Die Youtube-Survivorshow »7 vs. Wild«

Dschungelcamp für Y-Promis

Schon zum zweiten Mal schickte der Youtuber Fritz Meinecke für seine Show »7 vs. Wild« sieben Influencer und Videoproduzenten in die Wildnis. Zivilisationsmüdigkeit traf hier auf Geschäftssinn.

Kaum ein Mythos begleitet die moderne Zivilisation so verlässlich wie die Robinsonade: die Phantasie, wie es wohl wäre, wenn es die Gesellschaft nicht gäbe. Der auf der einsamen Insel gestrandete Robinson Crusoe aus dem Roman von Daniel Defoe bietet eine perfekte Projektionsfläche, um mit dem widersprüchlichen Verhältnis von Individuum und bürgerlicher Gesellschaft fertigzuwerden.

Crusoes Notsituation in­spiriert seit jeher den Traum, endlich wirklich man selbst zu sein, wenn nur die unmittelbare Natur und die echten Notwendigkeiten des Über­lebens zu spüren sind. Die Entfremdung des modernen Menschen erzeugt eben eine »Zivilisationsmüdigkeit«, wie sie der Liedermacher ­Rainald Grebe vor einigen Jahren besang, oder gleich Zivilisationsverachtung, wie in Christian Krachts Erfolgsroman »Imperium« über den deutschen Aussteiger August Engelhardt und dessen wahnhafte Kokosnussdiät auf einer Insel im Südpazifik.

Die Streamerin Nova beklagt an einer Stelle von »7 vs. Wild« ihre Einsamkeit mit den Worten: »Ich vermisse mega meinen Chat.«

Die vage Ahnung, dass die gesellschaftliche Grundlage der eigenen Individualität diese zugleich be­hindert, nährt den Wunsch, die Zivilisation zu verlassen – selbst wenn das den sicheren Tod bedeutet. Vor diesem Hintergrund liegt die These nahe, dass dieses Unbehagen in gesellschaftlichen Krisen wächst. Spätestens in Zeiten von Weltuntergangsstimmung, Krieg und Klimakatastrophe dürfte es daher kaum verwundern, dass Menschen vom individuellen Überlebenskampf phantasieren. Anzeichen dafür sind beispielsweise Bürgerkriegswünsche libertärer Rechter, das weitverbreitete Preppertum von Leuten in paramilitärischer Kampfmontur, die einen selbstgebauten Bunker mit Dieselaggregat bereithalten, sowie die enorme Konjunktur von Überlebens- und körperlichen Grenzerfahrungen.
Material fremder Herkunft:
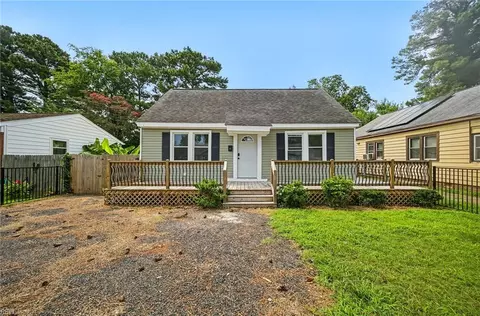21 Appomattox Ave, Portsmouth, VA 23702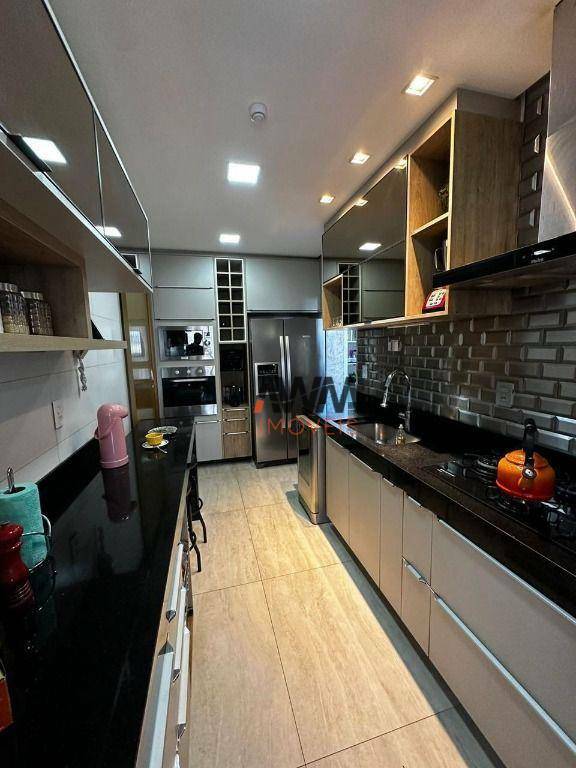 Apartamento à venda com 3 quartos, 140m² - Foto 9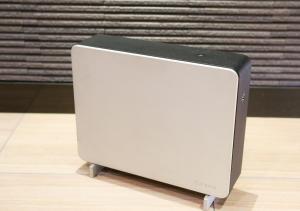 a white speaker sitting on top of a floor at APA Hotel Hakata Higashihieekimae in Fukuoka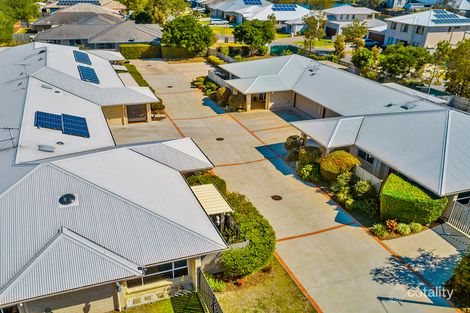 Property photo of 4/3-5 Weeroona Avenue Beachmere QLD 4510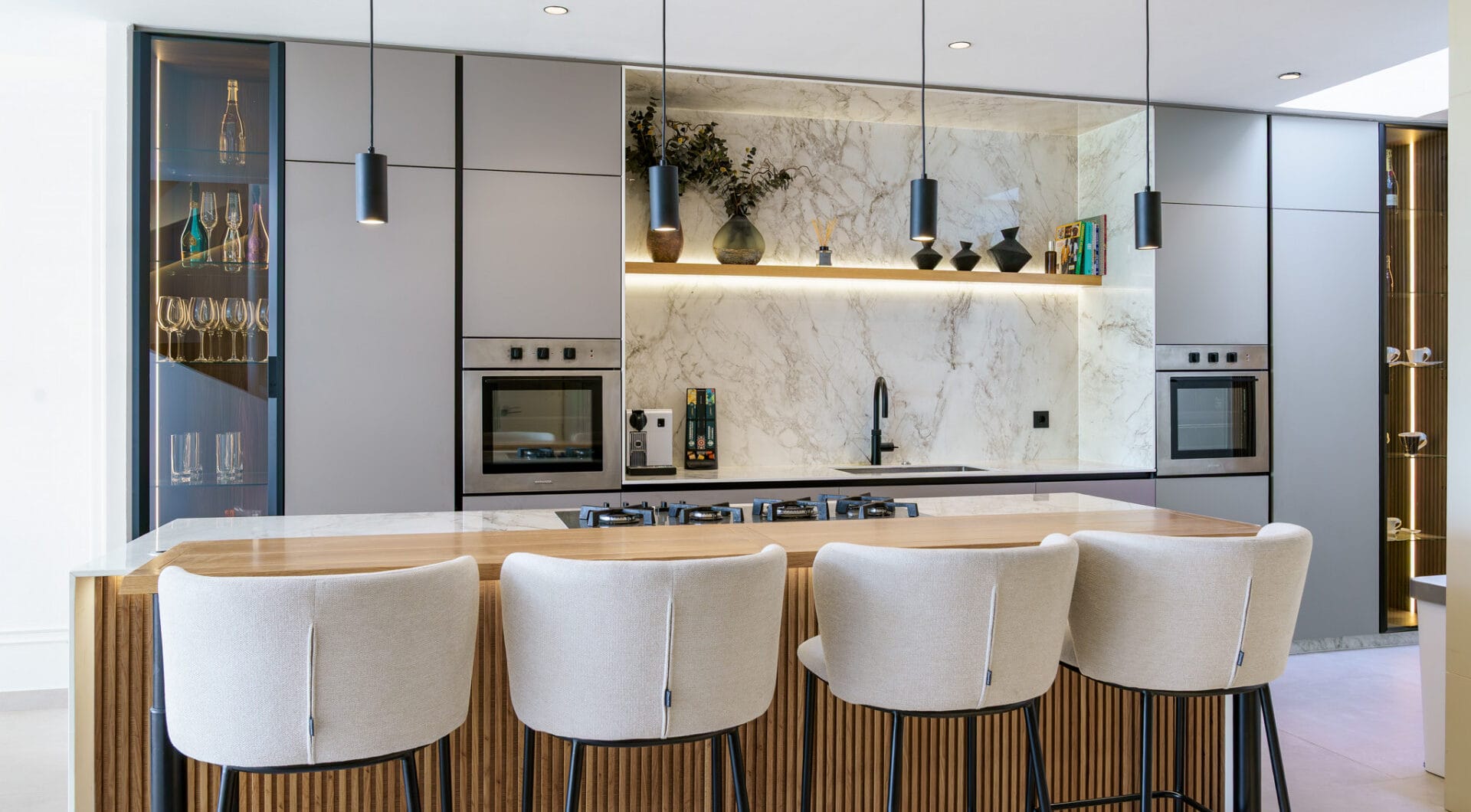 Elegant Renovated Townhouse on Frontline La Quinta Golf with Spectacular Views
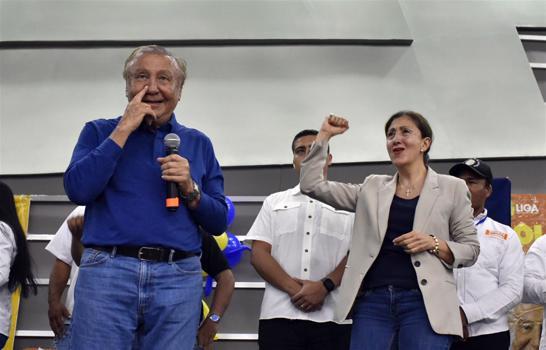 Íngrid Betancourt retira su candidatura presidencial para apoyar a Hernández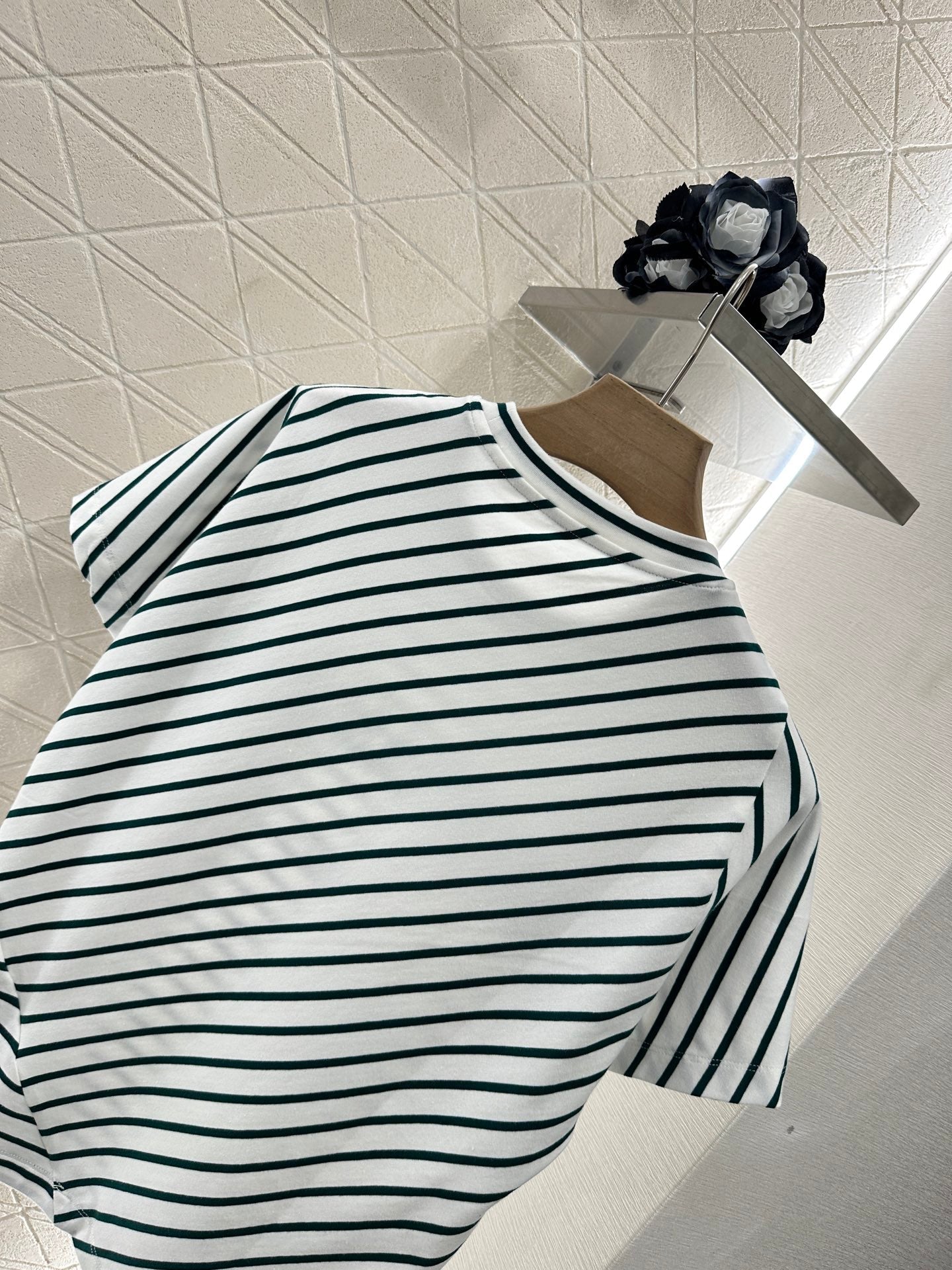 2025 new product Round neck striped short sleeves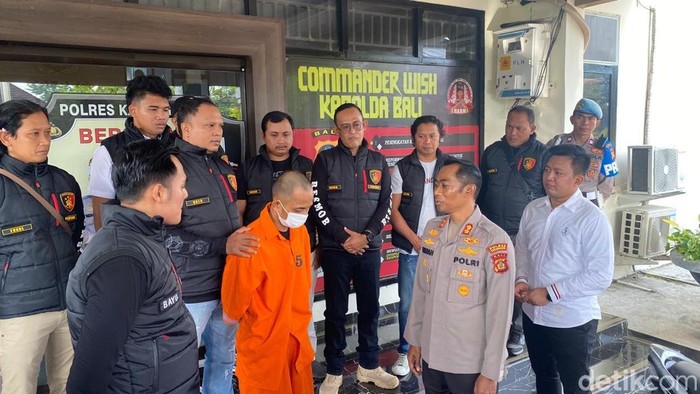 Polres Karangasem saat melaksanakan press release terkait kasus pencurian dan pembunuh, Jumat (17/1/2025). (I Wayan Selamat Juniasa)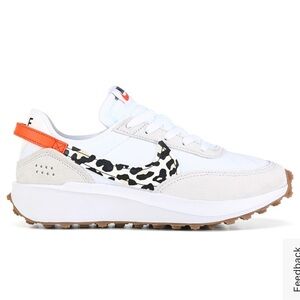 Women's Waffle Debut Retro Runner Sneaker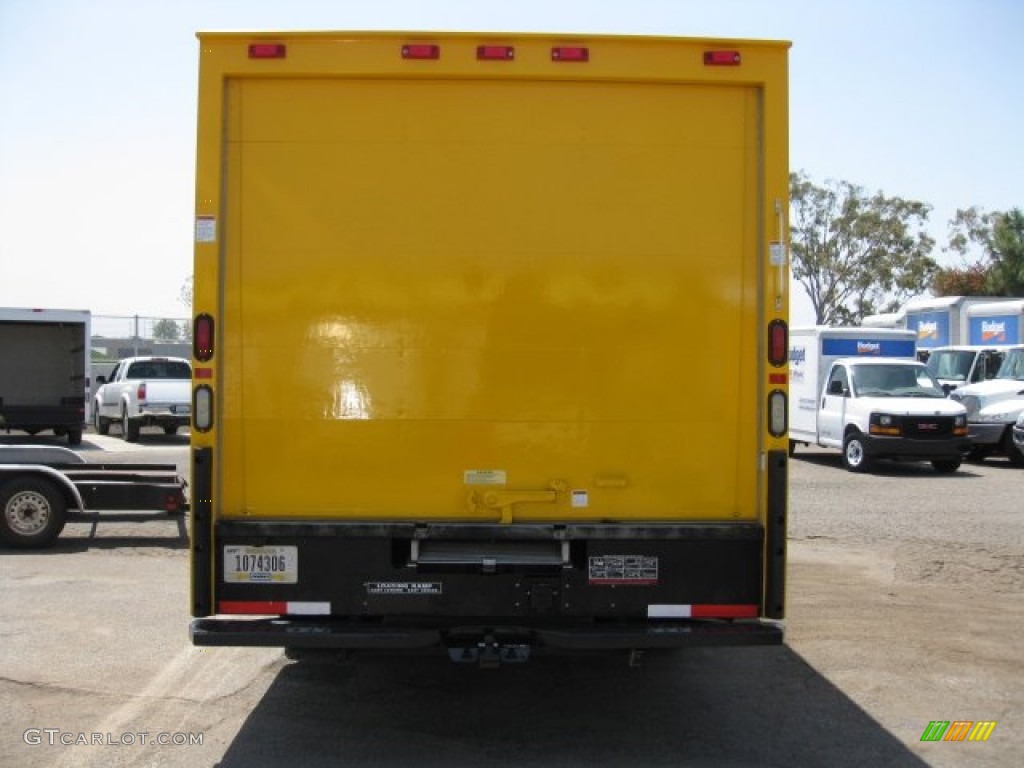 2008 Savana Cutaway 3500 Commercial Moving Truck - Yellow / Medium Pewter photo #5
Als Massenphänomen muss das in Deutschland spätestens nach dem enormen Erfolg der Youtube-Serie »7 vs. Wild« des Survival-Youtubers Fritz Meinecke betrachtet werden. Die Reality-Spielshow, die Meinecke für seinen Youtube-Kanal produziert hat, entsandte jüngst zum zweiten Mal eine Truppe von Abenteuerlustigen in die Wildnis, wo diese sieben Tage lang auf sich allein gestellt überleben mussten – und sich dabei filmten. Tatsächlich zog bereits die erste Staffel, die 2021 in der schwedischen Pampa aufgezeichnet wurde, ein Millionenpublikum an. In der kürzlich zu Ende gegangenen zweiten Staffel wollte sich das Format mit dem Ausflug in den Dschungel von Panama noch einmal selbst überbieten. »7 vs. Wild: Panama« ist »das Krasseste, was du dir vorstellen kannst«, wie es Kandidatin Nova zusammenfasste.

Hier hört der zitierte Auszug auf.